For decades, Greek governments of any colour have distributed thousands of public sector jobs in the run-up to an election. This time officials are handing out a mountain of cash.

The governing coalition is rushing to disburse a €524m "social dividend" to some 1m low-income families, pensioners and long-term unemployed ahead of elections for the European parliament on May 25.

The handouts are possible because Greece last year unexpectedly achieved a €1.5bn primary budget surplus excluding repayments of debt and some one-off charges. The surplus was equivalent to 0.8 per cent of national output, outperforming the budget target of a zero primary balance.
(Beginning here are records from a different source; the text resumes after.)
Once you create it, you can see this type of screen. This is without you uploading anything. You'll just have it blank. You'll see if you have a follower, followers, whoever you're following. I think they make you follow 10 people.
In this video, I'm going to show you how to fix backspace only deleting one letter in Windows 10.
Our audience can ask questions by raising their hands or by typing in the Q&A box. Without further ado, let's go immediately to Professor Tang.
"This is New Democracy's way of trying to get people back on board for polling day," said Neocosmos Tsimas, a 76-year-old former postal worker, referring to the centre-right party led by premier Antonis Samaras.
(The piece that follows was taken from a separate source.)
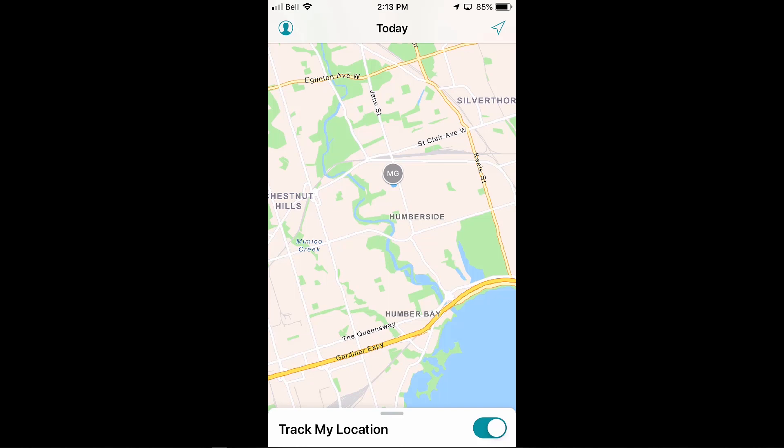Hi there, this is Mike. I'm going to talk to you today about location tracking and how we can use it in the ArcGIS platform. Specifically, we'll talk about Tracker for ArcGIS.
"I badly need the money because I'm behind with paying bills, but I may not bother going out to vote," Mr Tsimas added.

International lenders last week gave Athens the go ahead to pay the social dividend after the surplus had been confirmed by the commission's audit arm Eurostat, which checked numbers provided by the country's own statistics agency.

About a third of the surplus will be used to pay down public debt, which last year hit a record 175 per cent of national output.

The rest will be spent on handouts. In addition to payments made to those hit hardest by six years of recession, about 60,000 low-earning members of the armed forces and security services will each receive a €500 bonus.

Government aides shrug off concerns voiced by the "troika" of bailout monitors from the commission, the International Monetary Fund and the European Central Bank, that Greece has reverted to its pre-crisis mode of diverting budget funds to party politics.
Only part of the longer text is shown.